若しくは、ゴールの先に、更にゴールを自ら追加する。科学者とは、そういうものなのかもしれない。
《P・Co》本社の地下には、研究室がいくつかある。杉山が使用しているのも、そのうちの一室だった。S室。地下三階の一番奥に位置する場所にある。人間付き合いが苦手な――というか、付き合おうとしない――杉山に用意された、スペシャルルームだ。住居も兼ねている。
杉山は自分が何歳になるのかも、よく覚えていない。多分、四十歳を過ぎたくらいだろう。日付の感覚も曖昧だ。資料や実験結果を記録する時に日付を記入するので、その時に「あぁ、今日は○月○日か」と認識するが、それだけだった。盆も正月も関係なく、研究室に入り浸っている。
何年前の事か、数日振りに鏡を見て、頭髪が半分ほど白髪に変わっていたことがある。頭髪がまだらだろうが、研究に支障はないので無視していたら、数ヶ月で殆ど白くなっていた。後ろ頭を触っていたら、十円剥げにも気付いた。その時も「まぁ、ハゲもするだろう」と、無視した。
いっそ剃ってしまえば、抜け毛を掃除する手間も省けるかと思った。だが、剃ったら剃ったで、毛根は死んでいないのでまた生えてくる。マメに剃る方が、杉山にとっては面倒臭かった。
今ではボサボサの白黒まだらな髪が、後頭部を覆っている。
そんな彼が唯一執心している人物が、潤だ。勿論、恋愛感情的なものではない。対人的なものですらない。ただ純粋に、陶酔していた。人のかたちをしたモルモットに。
杉山は、ファイルにまとめられている紙の資料を捲った。潤の身体データは全て、紙媒体で残してある。あと、インターネットに繋がっていないパソコンにデータ保存している。白いマフラーを巻いた紫頭のタレ目に、そうしろと言われたからだった。
紙の方が取り出しやすいし扱い慣れているので、なんら問題はない。
半年前の検査結果を上から指でなぞる。
“二条潤。23歳。身長176㎝。体重62㎏。2月5日生まれ。O型”――そこで指を止める。血液型。人間のABO式の血液型としてはO型に分類される。だが、厳密に言えば“亜型”だ。輸血にも使えない。
紙に記されたデータを眺めていると、勇志の視線を感じた。杉山が振り向くと、なにやら半眼で杉山の事を見つめている。
「杉山さん、涎が出ていますよ。ファイルに垂れそうです」
指摘されて、初めて自分の口がだらしなく開いていることに気付いた。
「杉山さんって、集中すると口が開く人ですか?」
これも、問われて初めて気にすることだ。しかし、『集中すると』というのは勇志の読み違いだ。
「集中している時に涎を出していたら、解剖実験なんかをしている間にマスクがびちゃびちゃになるよねぇ?」
まぁ、ボクは鬱陶しいからマスクなんて滅多にしないんだけど。杉山は胸中で付け加えた。
分かりやすく嫌味ったらしい言い方をされた勇志だが、堪えていない。笑顔で「それもそうですよね」と言い返し、ファイルの山へ向き直った。
「あ、社長の健康診断の結果、もう出たんですか?」
デスクに無造作に置かれている紙を手に取った。A3サイズの紙が、半分に折られている。片面印刷されたそれを広げると、勇志は目を通し始めた。

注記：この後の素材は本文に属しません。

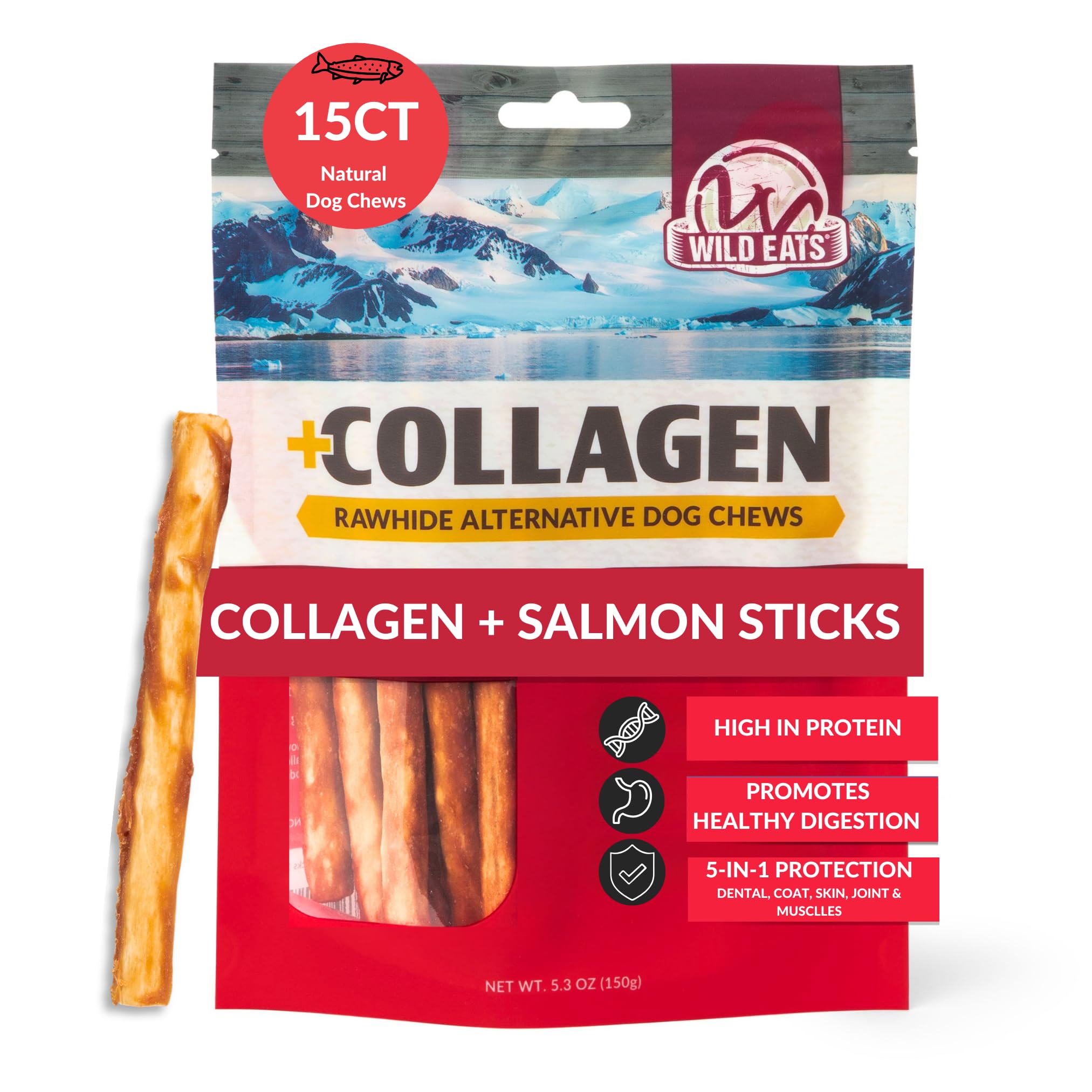 Wild Eats Real Salmon Collagen Sticks for Dogs, (15ct, 1cm Thick) Healthy Bully Stick - Long Lasting Dog Chew Treat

「言わなくても分かってると思うけど、個人情報に限らず、この部屋にあるものは全て室外持ち出し禁止だからね」
視線は手元のまま、杉山は勇志に念押しした。勇志の元気な返事が室内に響く。勇志がここへ来てまだ数十分程度のものだが、杉山はこの鬱陶しい声に少し慣れてきた。

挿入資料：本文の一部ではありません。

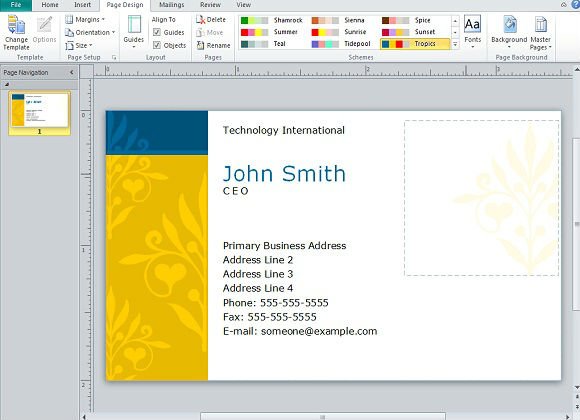 Publisher Name Card Templates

手元の資料を眺めていると、再び涎が出ている事に気付いた。成程。自分は興奮すると唾液の分泌量が増えるらしい。四十年ほど生きてきて、初めて気付いた。それほど、自分に興味がない。
資料といっても、ただの健康診断結果――と言ってしまえば、そうなのだが。
「聞きたいことがあるんですけど、良いですか?」
勇志の声に、顔を上げる。それを肯定と判断した勇志は、続きを口にした。
「社長の診断結果、空欄が多いんですけど……」
「あぁ。あの人、検査日当日に朝食ガッツリ食べてきてたからねぇ。朝食を食べてても検査出来るけど、検査工程も増えるし……再検査だよ。ホラ、血糖値とかすんごいでしょ? 朝一で炭水化物摂りすぎると、そうなっちゃうんだよねぇー。まぁ、あの人の場合、普段からお米食べ過ぎなんだけど。あと、漬物とか、所謂“ご飯のお供”っていうの? そういうのばっかり食べてるから血圧も高めなんだよねぇ」
杉山が説明し終えた時には、勇志の顔が苦笑いに変わっていた。
「社長は朝食ガッツリ派なんですね……」
「普段はそれで良いんだよぉ? でもさぁ、健康診断するって言ってるのに食べて来るとか有り得ないよねぇ? でしょ?」
先程までとは打って変わってよく喋る杉山に、勇志は面食らったようで。
「……杉山さんって……結構饒舌なんですね……」
「その顔、ボクを根暗で辛気臭い引き籠り科学者だと思ってたんでしょ」
図星だ。勇志は素直に頭を縦に振った。
「多分その通りなんだけどさぁー。ボクだって喋るよ。黙りこくって黙々と文字と数字を睨んでたら、もっと早くに病気になって死んでるよ」
いつもはマウス相手に喋っている。研究は仕事であり、趣味だ。趣味だが、根を詰めるとストレスになる。喋りでもしていないと、やっていられない。
「この前まで居た助手がホント使えない奴でさぁー。対人関係にうんざりしてたんだよねぇー」
「それは、えっと、お気の毒に……」
「だぁかぁらぁー、君も気に入らなかったら、すぐに鳥取行きだからね」
「はは……頑張ります」
勇志は雅弥の健診結果を折り直し、元あった場所に返した。